Youtuber condena publicidade on-line e despreparo de celebridades dos novos meios de comunicação. ‘Já passou da hora de o Conar abrir o olho'

Por Marina Rappa Materia seguir SEGUIR Materia seguir SEGUINDO 7 Maio 2017, 12h06

Os elogios de jovens “influenciadores digitais” à reforma do ensino médio, a soldo do Ministério da Educação, expuseram um vício disseminado em diversas plataformas e redes sociais: a publicidade disfarçada. Felipe Neto, um dos primeiros e mais bem sucedidos youtubers do país, alerta para a necessidade de aplicar padrões éticos aos novos meios de comunicação. “A propaganda tem que ficar clara e ponto final”, diz. “Seja um site de jornalismo, um blog de maquiagem ou um perfil do Instagram.” Em entrevista a VEJA, ele admite já ter incorrido no erro, critica o despreparo de youtubers, empresários e agências e explica por que decidiu desligar o canal que o projetou a fama, o colérico “Não Faz Sentido”, para voltar em versão, como diz, Nutella: “Cansei de polêmica.”

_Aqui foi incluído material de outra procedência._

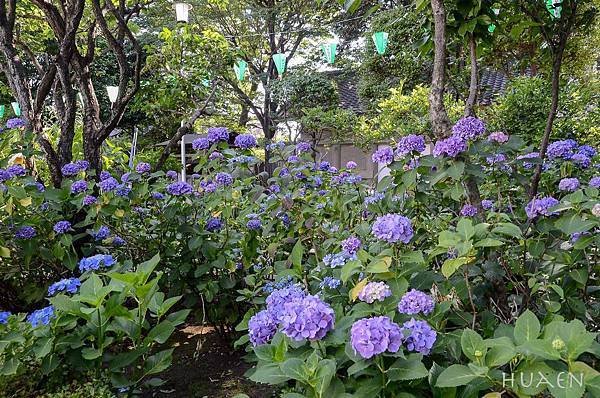 20180604-DSC_7145.jpg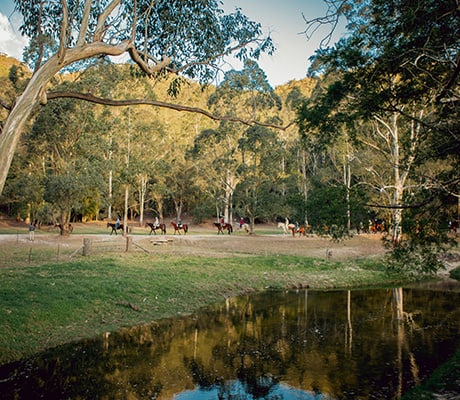 Horseriding, Glenworth Valley, NSW Central Coast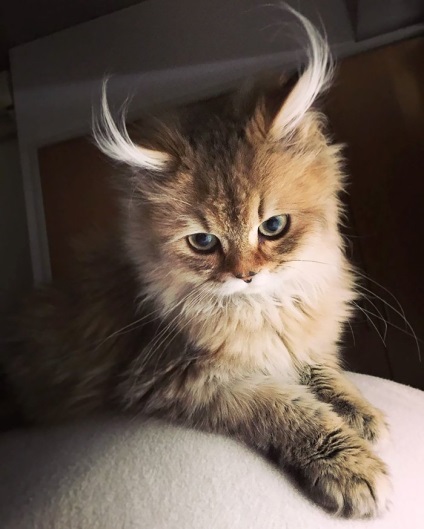 10 Cele mai frumoase pisici de pe pământ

Está faltando ética à publicidade digital? Sim. Muitos influenciadores digitais estão fazendo merchandising escondido. É algo tão óbvio. Já passou da hora de o Conar (Conselho Nacional de Autorregulamentação Publicitária) abrir um pouco mais o olho – principalmente para o Instagram. E os influenciadores devem entender que essa discussão é boa para todo mundo. Quanto mais ética for a internet, mais as empresas vão querer fazer campanhas nesse meio.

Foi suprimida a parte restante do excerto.